[Records drawn from a dataset]
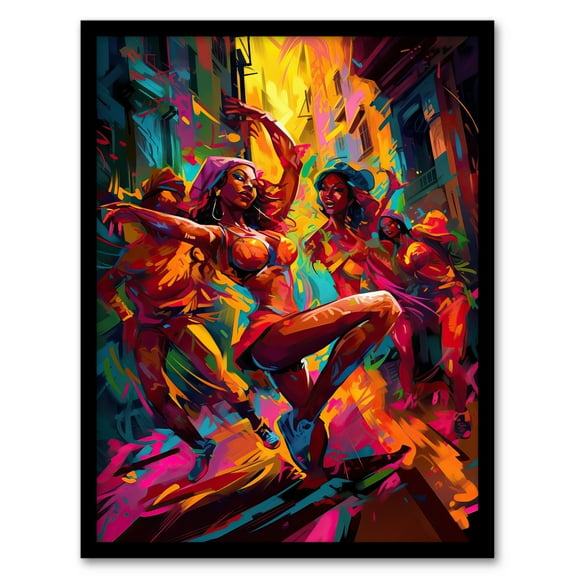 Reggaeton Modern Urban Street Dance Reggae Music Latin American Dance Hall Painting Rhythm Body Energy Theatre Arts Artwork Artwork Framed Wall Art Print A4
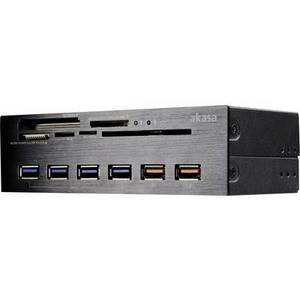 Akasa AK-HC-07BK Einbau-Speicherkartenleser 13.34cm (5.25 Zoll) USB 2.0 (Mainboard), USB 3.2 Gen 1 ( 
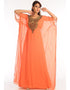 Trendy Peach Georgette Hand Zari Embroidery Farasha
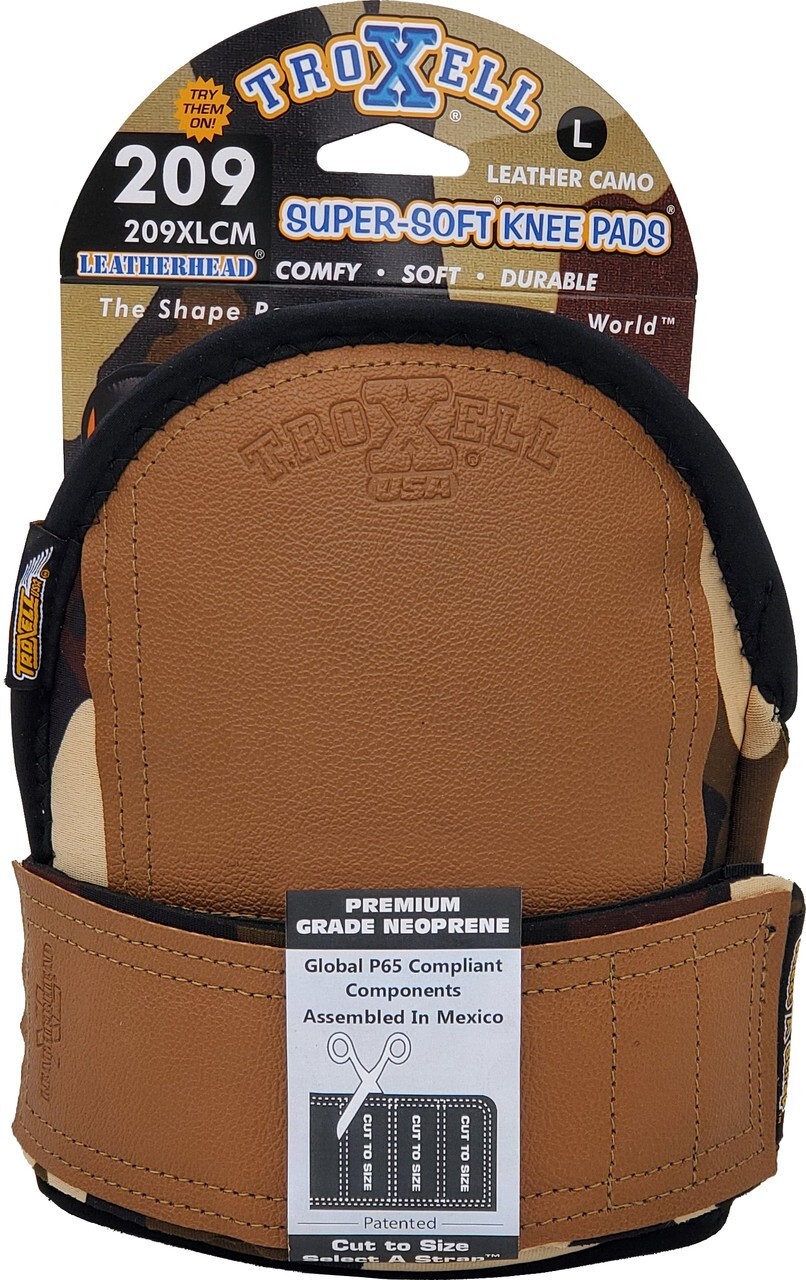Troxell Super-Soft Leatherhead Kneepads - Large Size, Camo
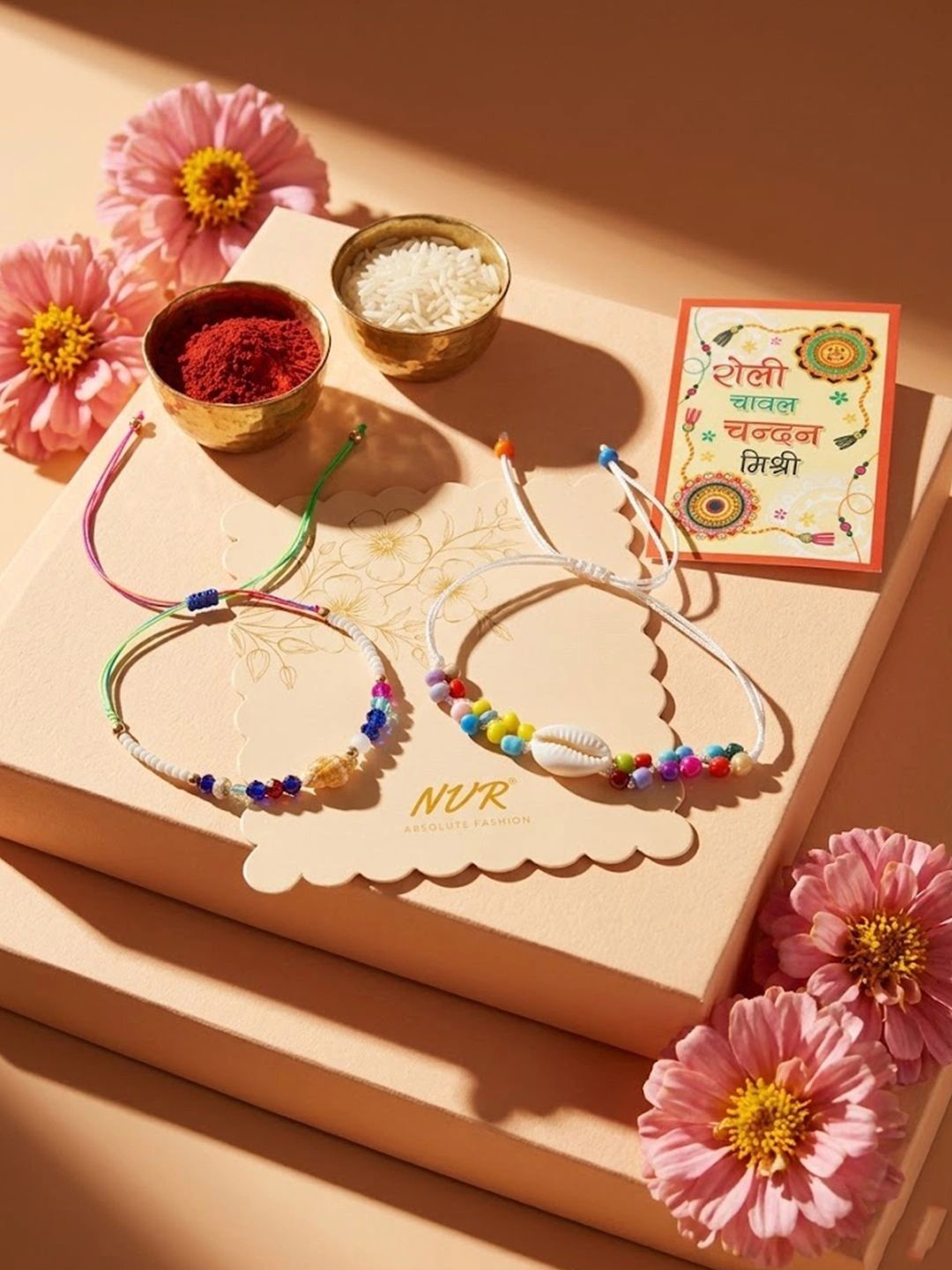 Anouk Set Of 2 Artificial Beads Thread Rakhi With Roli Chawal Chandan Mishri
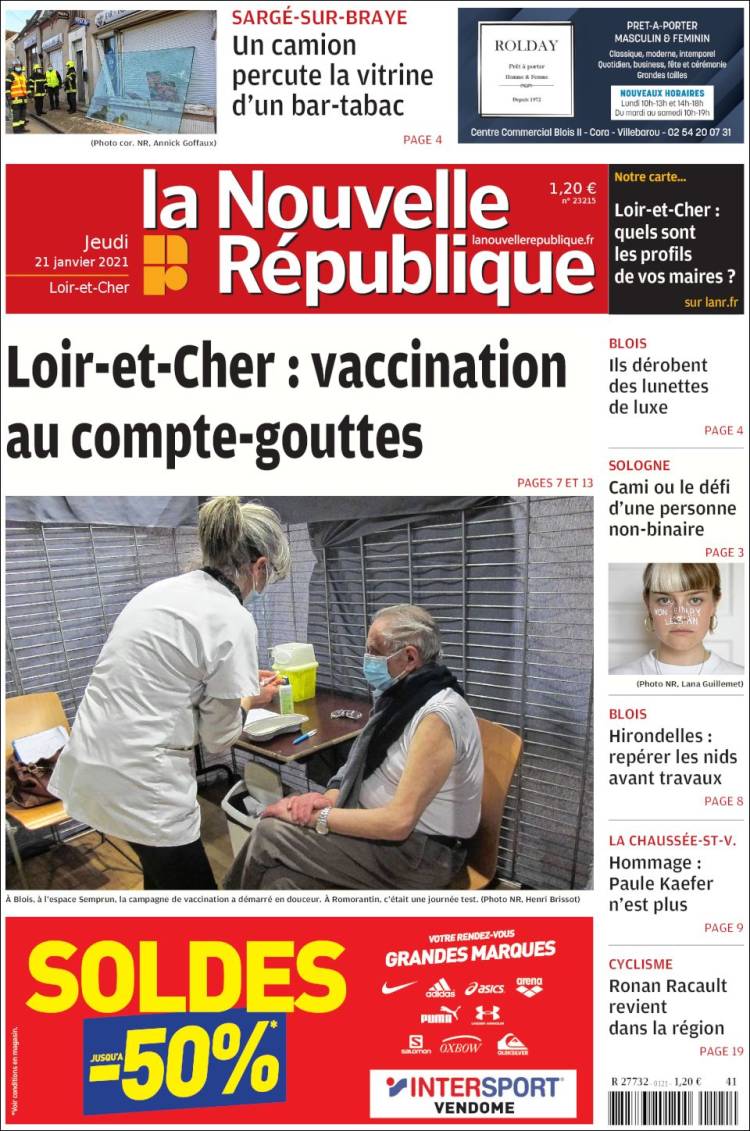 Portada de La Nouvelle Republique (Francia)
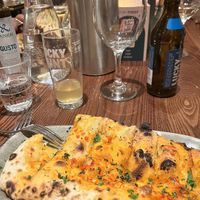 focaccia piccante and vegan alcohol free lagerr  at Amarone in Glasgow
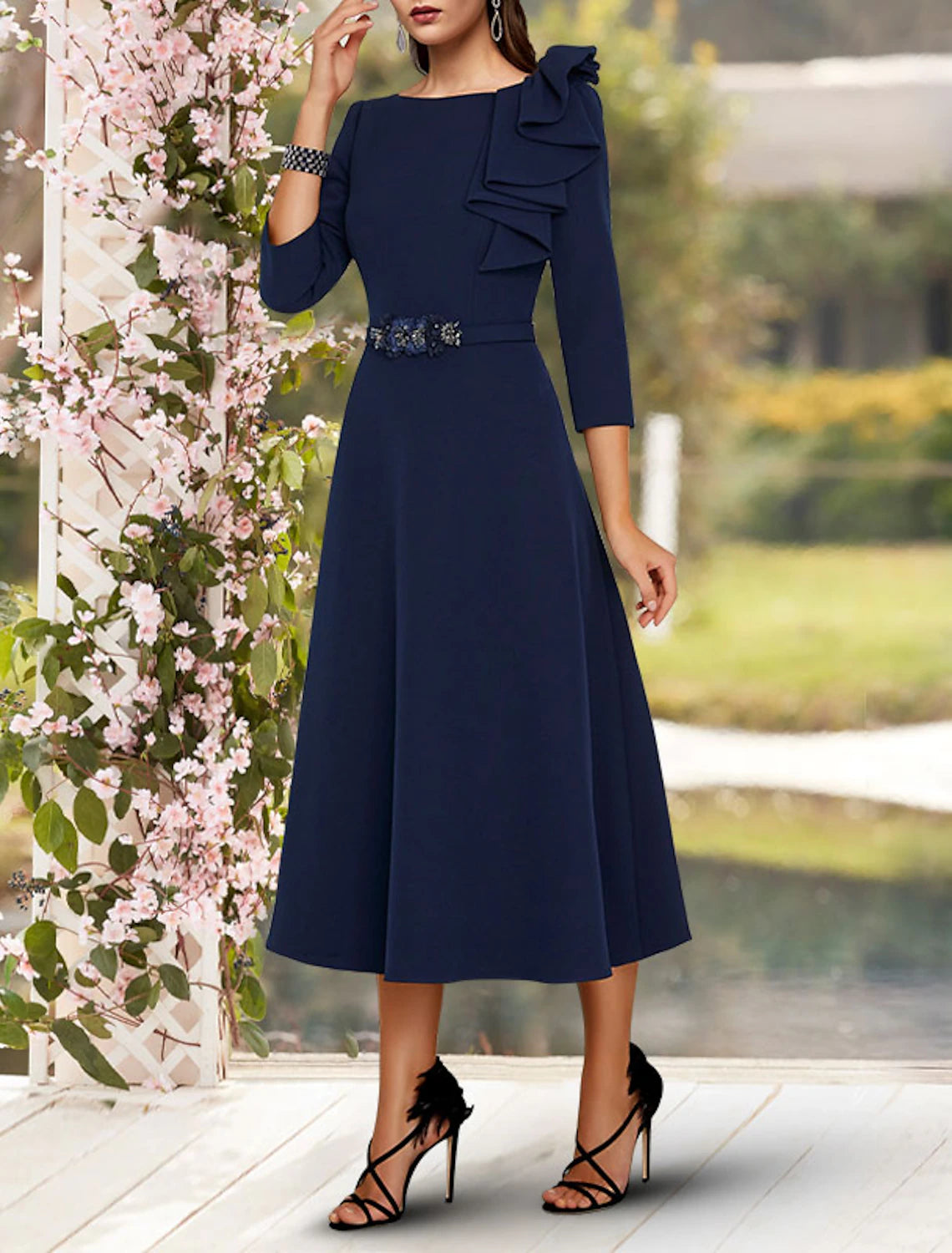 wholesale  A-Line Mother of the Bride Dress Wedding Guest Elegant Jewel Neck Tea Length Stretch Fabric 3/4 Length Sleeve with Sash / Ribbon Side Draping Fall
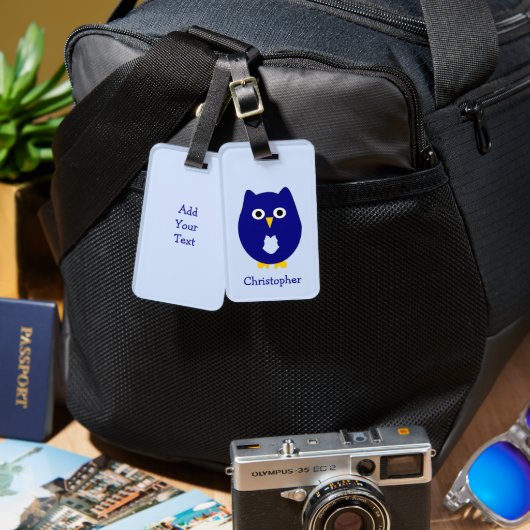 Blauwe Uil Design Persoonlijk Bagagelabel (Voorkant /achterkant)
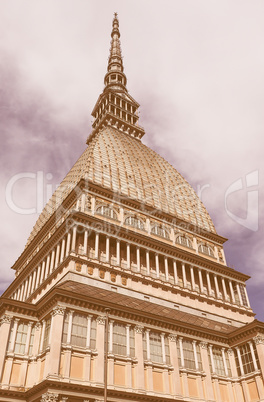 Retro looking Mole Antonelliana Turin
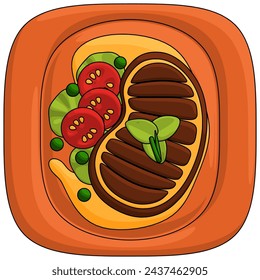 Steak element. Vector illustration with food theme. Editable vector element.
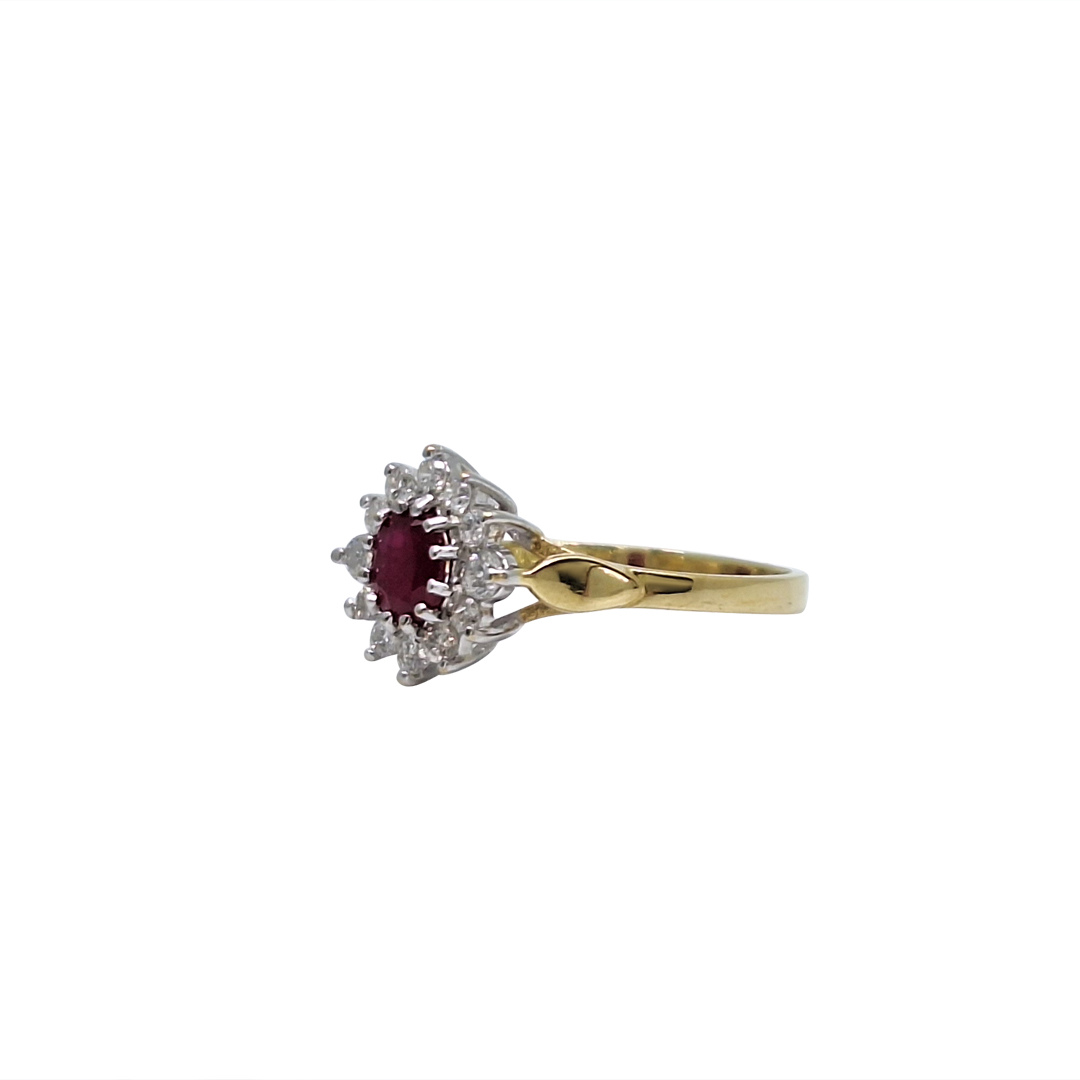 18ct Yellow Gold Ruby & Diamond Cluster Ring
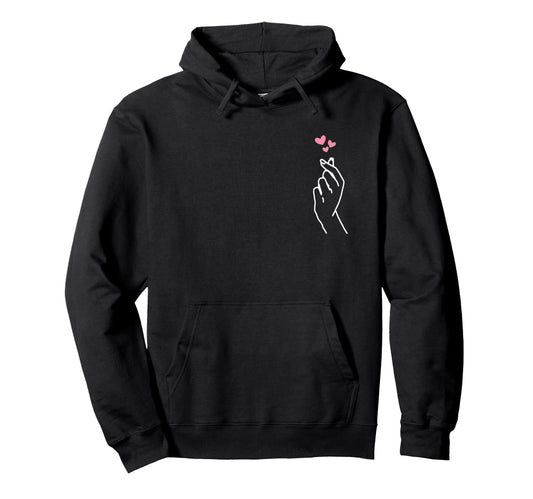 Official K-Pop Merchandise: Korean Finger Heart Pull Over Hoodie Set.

## THE TASK
Retype each of the entries above exactly as it appears, with no pictures.

## YOUR RESPONSE
 Reggaeton Modern Urban Street Dance Reggae Music Latin American Dance Hall Painting Rhythm Body Energy Theatre Arts Artwork Artwork Framed Wall Art Print A4
 Akasa AK-HC-07BK Einbau-Speicherkartenleser 13.34cm (5.25 Zoll) USB 2.0 (Mainboard), USB 3.2 Gen 1 ( 
 Trendy Peach Georgette Hand Zari Embroidery Farasha
Troxell Super-Soft Leatherhead Kneepads - Large Size, Camo
 Anouk Set Of 2 Artificial Beads Thread Rakhi With Roli Chawal Chandan Mishri
 Portada de La Nouvelle Republique (Francia)
 focaccia piccante and vegan alcohol free lagerr  at Amarone in Glasgow
 wholesale  A-Line Mother of the Bride Dress Wedding Guest Elegant Jewel Neck Tea Length Stretch Fabric 3/4 Length Sleeve with Sash / Ribbon Side Draping Fall
 Blauwe Uil Design Persoonlijk Bagagelabel (Voorkant /achterkant)
 Retro looking Mole Antonelliana Turin
 Steak element. Vector illustration with food theme. Editable vector element.
 18ct Yellow Gold Ruby & Diamond Cluster Ring
 Official K-Pop Merchandise: Korean Finger Heart Pull Over Hoodie Set.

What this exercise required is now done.